We cannot feel otherwise than indignant, that at this late period, a prominent English Review (The Edinburgh), should attempt to hold up for the admiration of the world one of the leaders of the Rebellion. For the men who fought in the ranks, much can be said in their behalf. They had no choice in the main, as to whether they would es- pouse the cause or not. They were conscripted, overborne by the governments that soon left them but one alternative, - either to fight or else suffer such persecutions as the desperateness of the usurping rulers could invent.
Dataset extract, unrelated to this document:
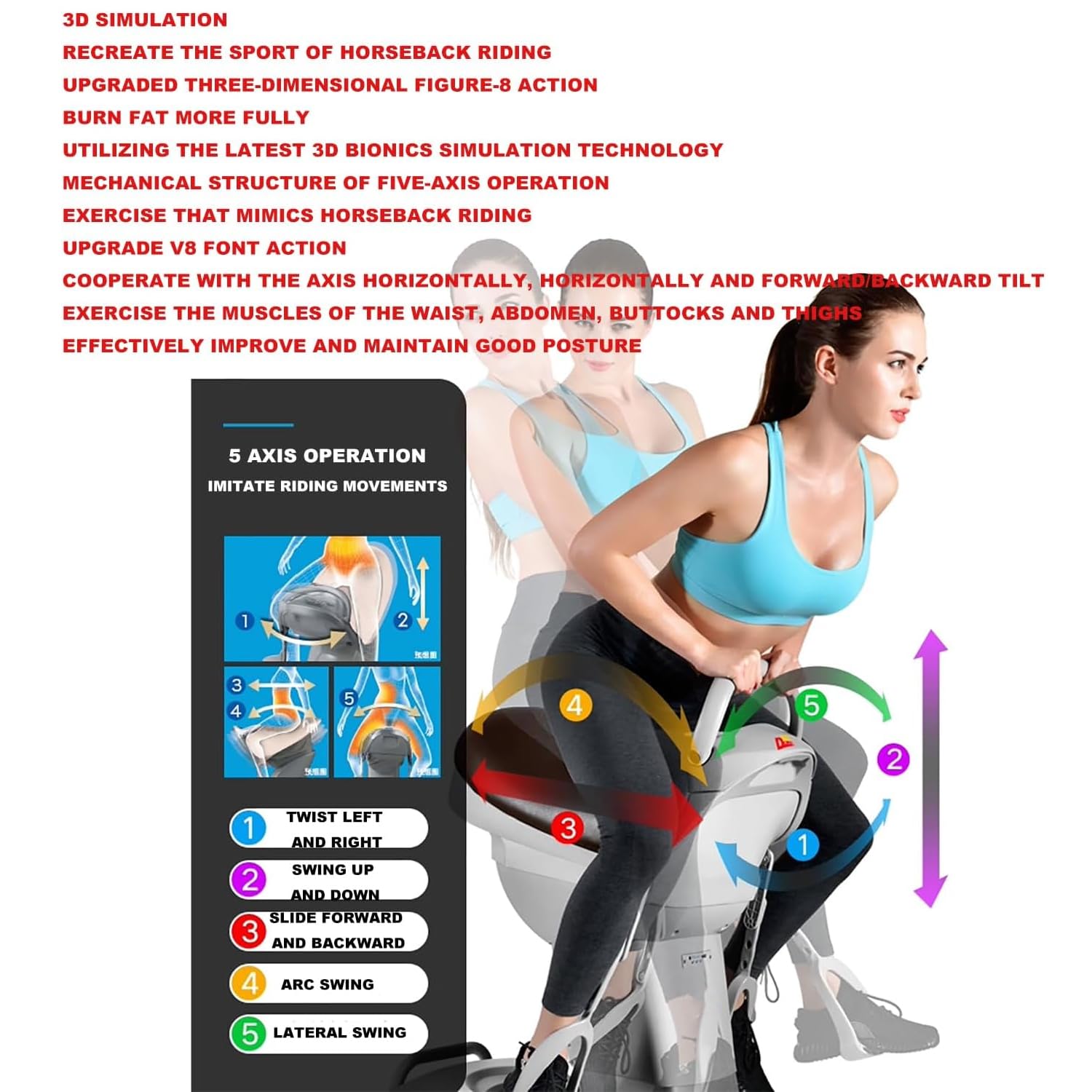 20-biegowy elektryczny symulator jeździectwa, 3 tryby wibracyjne urządzenie do fitnessu brzucha z funkcją muzyki Bluetooth, pojemność 150 kg, wyłącznik bezpieczeństwa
Englishmen, it is but reasonable to suppose, might by this time show some intelligent appreciation of the peculiar criminality of those who inaugurated the rebellion, who committed the meanest and extremest crime of which army honor is cognizant, - that is, treason. Yet that was the unblushing deed of the chieftain of the Confederate armies. He broke his oath of fealty to the Government that edu- cated and honored him, and with politic equivocalness, delayed the doing of it, till he might add to the role of traitor the part of spy.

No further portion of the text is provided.